In the last post, I did a brief stolen base study using 2016 Retrosheet play-by-play data. This week I downloaded the Retrosheet game logs for the 2016 season. Here I will use this game log data to see what variables are helpful for explaining the variation in game duration.

**Can we make a reasonable prediction of the time of the game based on data from a box score?**

### Useful Predictors?

Looking at the variables in a box score, what variables are predictive of game length? I first looked at a few potential predictors, primarily for curiosity.

**Do baseball games get longer as the season progresses?** I computed a variable day defined to be the number of days past April 1. Here is a scatterplot of game duration against day with a smoother added.

Not much interesting here. We see the All-Star break (the gap from days 100 to 110), but the time of game, on average, is approximately 3 hours (180 minutes) from the beginning to the end of the season. I also noticed a bunch of outliers at the high end — maybe these are extra-inning games?

**Does the length of game vary by the day of the week? **Here are some parallel boxplots where I’ve ordered the boxplots by the medians.

This is a little interesting — Saturday games tend to be longest, on average, and Wednesday games tend to be shortest. The size of the effects are small, so it is not that exciting a find.

### Let’s Get Serious

Okay, most games have around 54 outs, so the number of outs likely is not a useful predictor of game length. But the number of non-outs (hits plus walks plushbp) would seem to be a useful predictor. Below I confirm this by plotting the non-outs and the game duration. (I thought that many of the high outliers were due to extra-inning games. I was right — when I filtered the data to only 9-inning games, theses outliers disappeared in this graph.)

### A Simple Regression Model

Clearly **NonOuts** is a useful predictor of game length. After some exploration, I found that another boxscore variable was helpful in this prediction — the fraction of runners left on base (LOB) divided by the NonOuts, that is **LOB / NonOuts**. We’ll call this variable **LOB_Frac** — this is approximately the fraction of runners who remain on base (don’t score). (I say approximately since NonOuts include home runs that won’t have runners.)

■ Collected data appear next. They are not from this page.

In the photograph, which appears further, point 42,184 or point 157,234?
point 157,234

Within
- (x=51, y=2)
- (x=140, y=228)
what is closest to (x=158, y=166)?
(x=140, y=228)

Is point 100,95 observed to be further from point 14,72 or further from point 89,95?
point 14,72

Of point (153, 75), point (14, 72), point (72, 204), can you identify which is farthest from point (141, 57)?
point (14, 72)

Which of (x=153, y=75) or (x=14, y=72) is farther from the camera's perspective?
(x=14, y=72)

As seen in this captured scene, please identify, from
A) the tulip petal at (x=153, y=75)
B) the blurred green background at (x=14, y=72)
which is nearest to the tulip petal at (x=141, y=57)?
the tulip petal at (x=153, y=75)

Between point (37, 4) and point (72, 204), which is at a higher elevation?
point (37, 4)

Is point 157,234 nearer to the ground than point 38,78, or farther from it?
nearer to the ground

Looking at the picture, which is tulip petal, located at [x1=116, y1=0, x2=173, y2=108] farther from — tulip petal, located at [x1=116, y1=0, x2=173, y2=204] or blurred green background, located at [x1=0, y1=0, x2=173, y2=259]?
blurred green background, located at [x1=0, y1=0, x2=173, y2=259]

When I fit a regression model using NonOuts and LOB_Frac, I get the fit

**Game_Duration = 95.77 + 2.71 * NonOuts + 35.32 * LOB_Frac**

To understand this fit, I let the LOB_Frac be equal to 0.2, 0.5, 0.8 and plot the predicted Game Duration as a function of NonOuts.

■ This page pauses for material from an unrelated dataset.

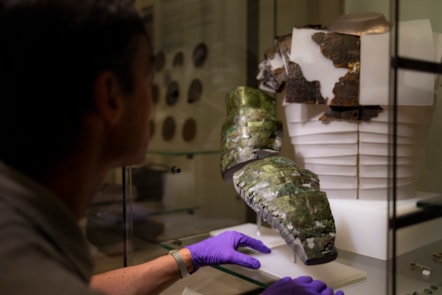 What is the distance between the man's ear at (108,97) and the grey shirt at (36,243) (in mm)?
110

- If the LOB_Frac value is held constant, then for every 10 additional NonOuts, the Game Duration will increase by 27 minutes.
- On the other hand, if we fix NonOuts, then as LOB_Frac goes from 0.2 to 0.8, the Game Duration will increase by 20 minutes.
- The bottom line is that the number of NonOuts and the fraction of NonOuts left on base are both relevant for predicting the time of the game.

**What’s Left?**

Of course, the fit is only part of the story — I should gain some understanding of the size of the residuals, that is Residual = Duration – Fit. I plot the residuals against the NonOuts below.

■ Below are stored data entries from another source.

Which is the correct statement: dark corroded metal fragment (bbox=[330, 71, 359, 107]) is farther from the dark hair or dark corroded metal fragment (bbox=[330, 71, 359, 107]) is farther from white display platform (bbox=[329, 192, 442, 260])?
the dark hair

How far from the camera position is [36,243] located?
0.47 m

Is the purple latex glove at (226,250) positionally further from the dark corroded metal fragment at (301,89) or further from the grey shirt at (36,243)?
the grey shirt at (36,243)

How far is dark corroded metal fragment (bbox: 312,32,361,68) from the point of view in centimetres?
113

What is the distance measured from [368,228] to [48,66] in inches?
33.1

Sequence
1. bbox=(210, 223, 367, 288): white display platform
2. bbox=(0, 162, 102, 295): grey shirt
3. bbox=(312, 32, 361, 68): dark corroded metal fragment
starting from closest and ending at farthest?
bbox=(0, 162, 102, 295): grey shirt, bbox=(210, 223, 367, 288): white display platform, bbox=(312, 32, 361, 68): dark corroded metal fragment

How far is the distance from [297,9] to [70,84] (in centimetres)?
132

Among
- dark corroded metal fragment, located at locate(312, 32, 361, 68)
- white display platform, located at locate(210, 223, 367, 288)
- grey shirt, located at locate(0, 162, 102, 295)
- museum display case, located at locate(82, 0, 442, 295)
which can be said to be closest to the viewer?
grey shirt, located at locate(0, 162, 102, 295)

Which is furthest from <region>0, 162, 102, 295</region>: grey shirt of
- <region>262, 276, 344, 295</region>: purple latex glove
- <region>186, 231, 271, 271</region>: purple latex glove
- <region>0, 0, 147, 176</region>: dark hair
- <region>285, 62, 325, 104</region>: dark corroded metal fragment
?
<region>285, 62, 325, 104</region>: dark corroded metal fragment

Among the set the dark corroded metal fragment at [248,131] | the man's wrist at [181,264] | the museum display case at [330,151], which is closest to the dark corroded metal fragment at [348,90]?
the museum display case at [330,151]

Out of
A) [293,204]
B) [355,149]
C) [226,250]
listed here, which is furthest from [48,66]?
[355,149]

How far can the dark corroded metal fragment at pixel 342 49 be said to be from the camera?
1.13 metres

Looking at summary(fit), I see the residual standard error is about 13 minutes. This means that about 2/3 of the residuals will be between -13 and +13 minutes, 95% of the residuals between -26 and 26 minutes, etc. There are variables such as the number of pitches, the number of pitchers, the number of challenges, etc. which would explain some of remaining variation in the game duration.

### Looking Further

There is much more that could be discovered about Game Duration, but the purpose of this post was to see what I could learn from the Retrosheet game logs. Several years ago, I wrote a post where I collected PitchFX data to explore the time between pitches. Since the time of game is an important issue (maybe the popularity of baseball is waning due to the longer games?), I would think that MLB would want to do an extensive study to learn what variables are relevant for understanding game length.

### R Script

As usual, I show all of my R work in the script game_duration_study.R on my Github Gist site. This script gives information on getting the Retrosheet game log data and obtaining a file with the variable name header.

You have probably picked up on the following: 1) You did not carry over into this code the theme “TH” from your previous post, and 2) the plot to illustrate the effect of removing outliers (“fit3” and the “d9” dataframe residuals) appears to be a misplaced cut-and-paste error (from the next plot in the code).

Thanks, as always for sharing your interests and code,

George

George: Thanks — I was a bit sloppy in copying my R work to github. I think it is better now. Jim

Hi Jim,

Thanks for your posts and sharing your code. It’s especially useful for someone just started like me. So I’m curious to see about how extra innings played a role in home team wins. But to my surprise, I didn’t find # of innings played in game log files. Just would like to make sure I’m not missing anything in the file.

So I ended up extracting information from play-by-play data, but encountering error messages when pulling 2014, 2015 data. Have you seen that before?

Btw, overall at a league level, home team only win ~50% of the times when there are extra innings, another surprise. But could be pretty different by team.

– I went to your session in JSM. Very interesting topic!

Thanks!

Meng